=== Dataset entries ===
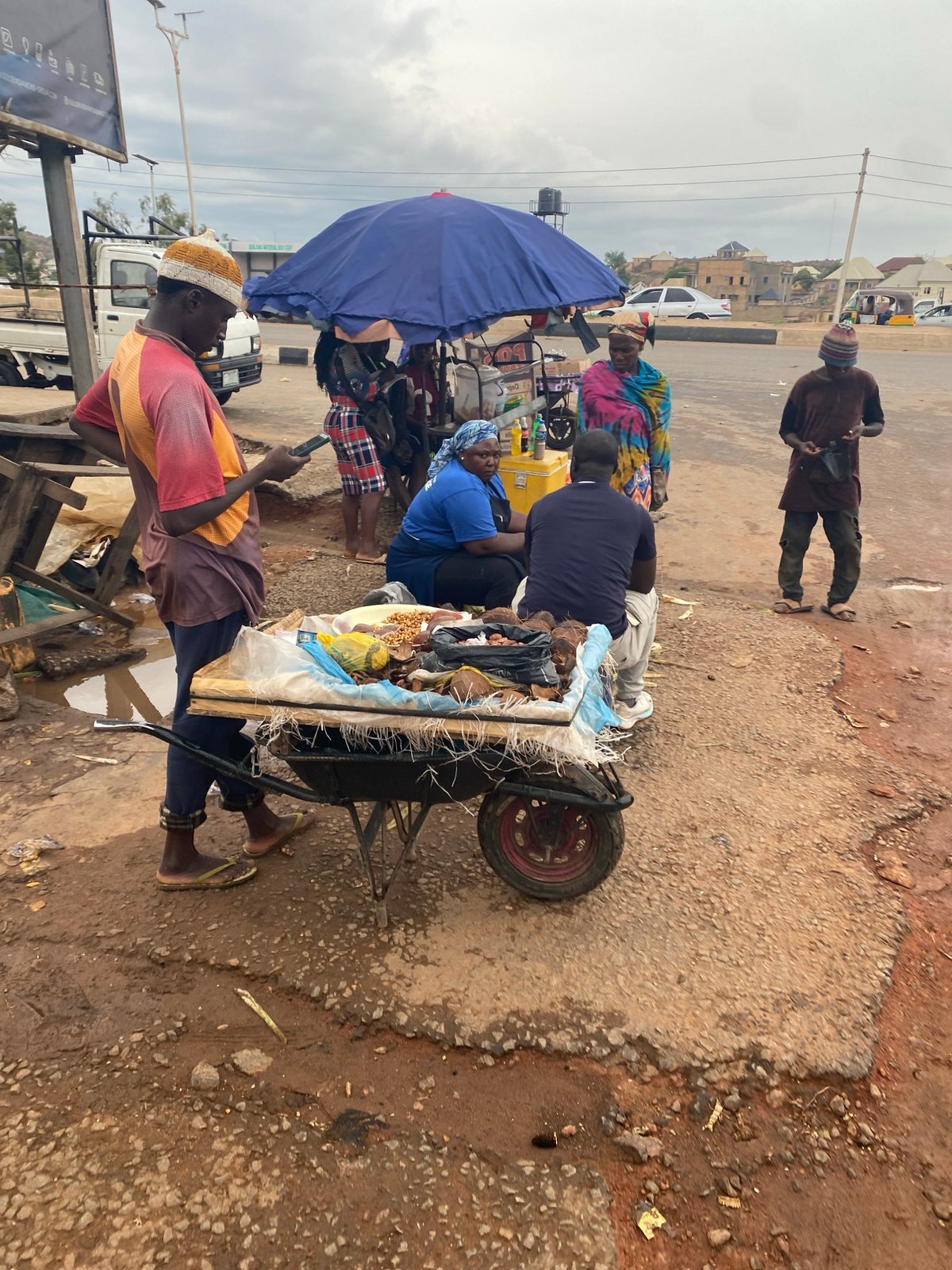 Street vendors and pedestrians captured in Gura Top Nigeria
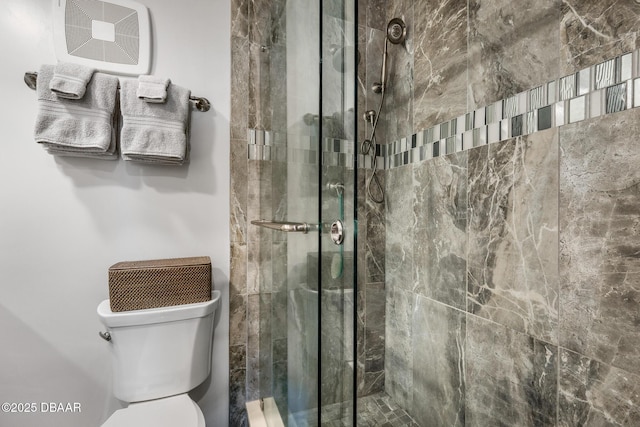 bathroom featuring a stall shower and toilet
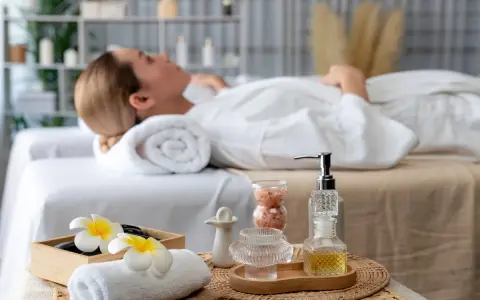 Relaks w jednym z hoteli spa Polska. Kobieta w białym szlafroku leży na łóżku, otoczona kosmetykami i kwiatami.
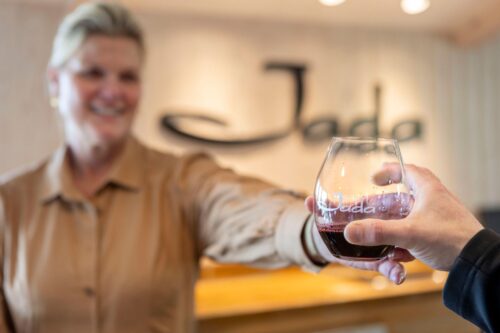 Woman handing wine drink
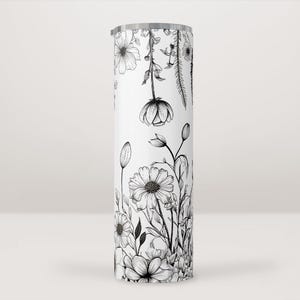 Peut inclure: Un gobelet en acier inoxydable blanc avec un motif floral noir et blanc. Le motif représente différentes fleurs et feuilles.
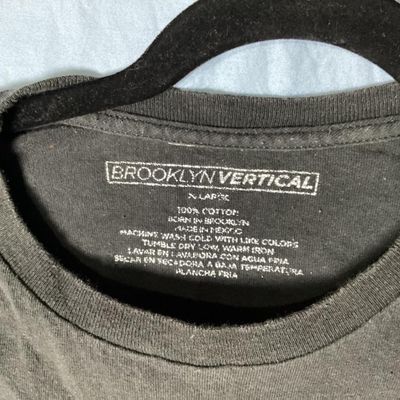 Sale Photo Thumbnail #40: Black Brooklyn Vertical short sleeve t-shirt featuring a graphic print of a bunny with an 'X' eye and red 'BAD' lettering. Made of 100% cotton in Mexico. Size XL. Length measures approximately 28.5 inches from top shoulder to bottom hem. Shows light wear 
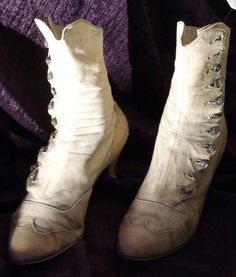 a pair of white boots sitting on top of a purple bed cover next to a pillow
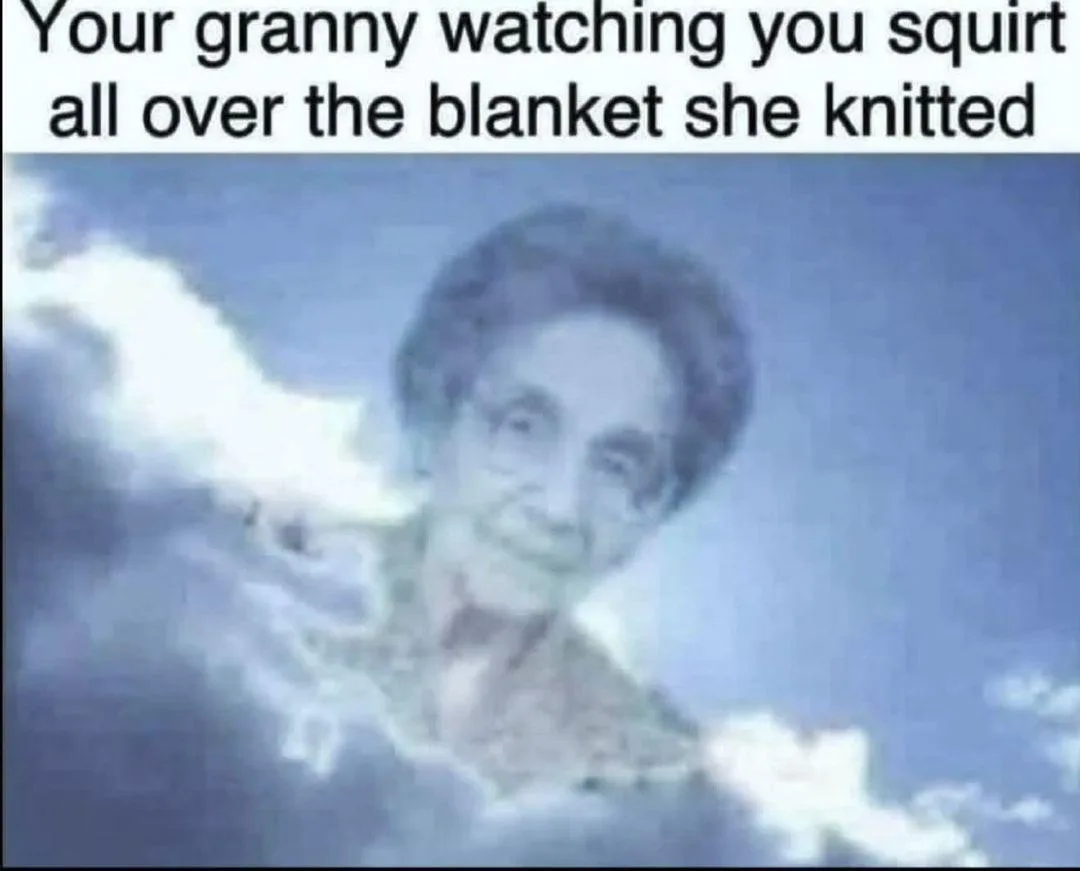 A blurry, blue-tinted image of an elderly woman with short dark hair, smiling faintly while surrounded by clouds, evoking a…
===
Task directions: Repeat, exactly and with no pictures, each line from the line that holds "a pair of white" through the last line of the records above.

Task result:
 a pair of white boots sitting on top of a purple bed cover next to a pillow
 A blurry, blue-tinted image of an elderly woman with short dark hair, smiling faintly while surrounded by clouds, evoking a…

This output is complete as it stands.